Try it: The answer should be an exact repeat of the stretch of material below from the line containing "Building Photo - 1347 Wilbec Rd" through the line containing "Monolith Side Table".

····················

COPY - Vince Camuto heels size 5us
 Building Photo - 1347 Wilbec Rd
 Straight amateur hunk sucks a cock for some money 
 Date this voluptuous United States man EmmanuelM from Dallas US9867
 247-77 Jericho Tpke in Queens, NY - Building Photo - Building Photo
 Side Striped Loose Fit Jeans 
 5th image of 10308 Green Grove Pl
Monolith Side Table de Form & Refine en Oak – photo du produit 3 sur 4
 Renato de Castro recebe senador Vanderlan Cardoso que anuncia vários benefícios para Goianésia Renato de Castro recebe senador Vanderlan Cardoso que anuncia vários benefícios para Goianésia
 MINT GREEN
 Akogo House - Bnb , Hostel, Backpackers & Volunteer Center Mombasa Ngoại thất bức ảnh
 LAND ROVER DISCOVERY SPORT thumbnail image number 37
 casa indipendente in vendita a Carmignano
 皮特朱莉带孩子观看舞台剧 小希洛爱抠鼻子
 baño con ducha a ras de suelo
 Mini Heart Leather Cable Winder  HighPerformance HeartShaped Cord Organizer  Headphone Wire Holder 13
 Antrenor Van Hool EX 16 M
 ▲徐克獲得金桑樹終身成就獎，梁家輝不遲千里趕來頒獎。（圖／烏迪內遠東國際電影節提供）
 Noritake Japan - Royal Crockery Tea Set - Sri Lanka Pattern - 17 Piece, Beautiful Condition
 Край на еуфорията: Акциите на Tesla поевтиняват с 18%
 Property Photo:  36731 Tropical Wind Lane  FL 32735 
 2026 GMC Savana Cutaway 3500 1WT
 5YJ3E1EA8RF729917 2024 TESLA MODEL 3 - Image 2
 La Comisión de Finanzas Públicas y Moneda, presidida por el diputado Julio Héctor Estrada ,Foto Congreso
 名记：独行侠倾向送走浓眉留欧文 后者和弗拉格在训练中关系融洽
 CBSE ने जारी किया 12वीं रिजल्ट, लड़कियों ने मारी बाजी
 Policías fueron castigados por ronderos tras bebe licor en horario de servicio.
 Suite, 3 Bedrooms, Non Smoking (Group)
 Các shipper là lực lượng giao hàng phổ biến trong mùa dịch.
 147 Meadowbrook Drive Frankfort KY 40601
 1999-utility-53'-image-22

····················

Solution for this problem:
 Building Photo - 1347 Wilbec Rd
 Straight amateur hunk sucks a cock for some money 
 Date this voluptuous United States man EmmanuelM from Dallas US9867
 247-77 Jericho Tpke in Queens, NY - Building Photo - Building Photo
 Side Striped Loose Fit Jeans 
 5th image of 10308 Green Grove Pl
Monolith Side Table de Form & Refine en Oak – photo du produit 3 sur 4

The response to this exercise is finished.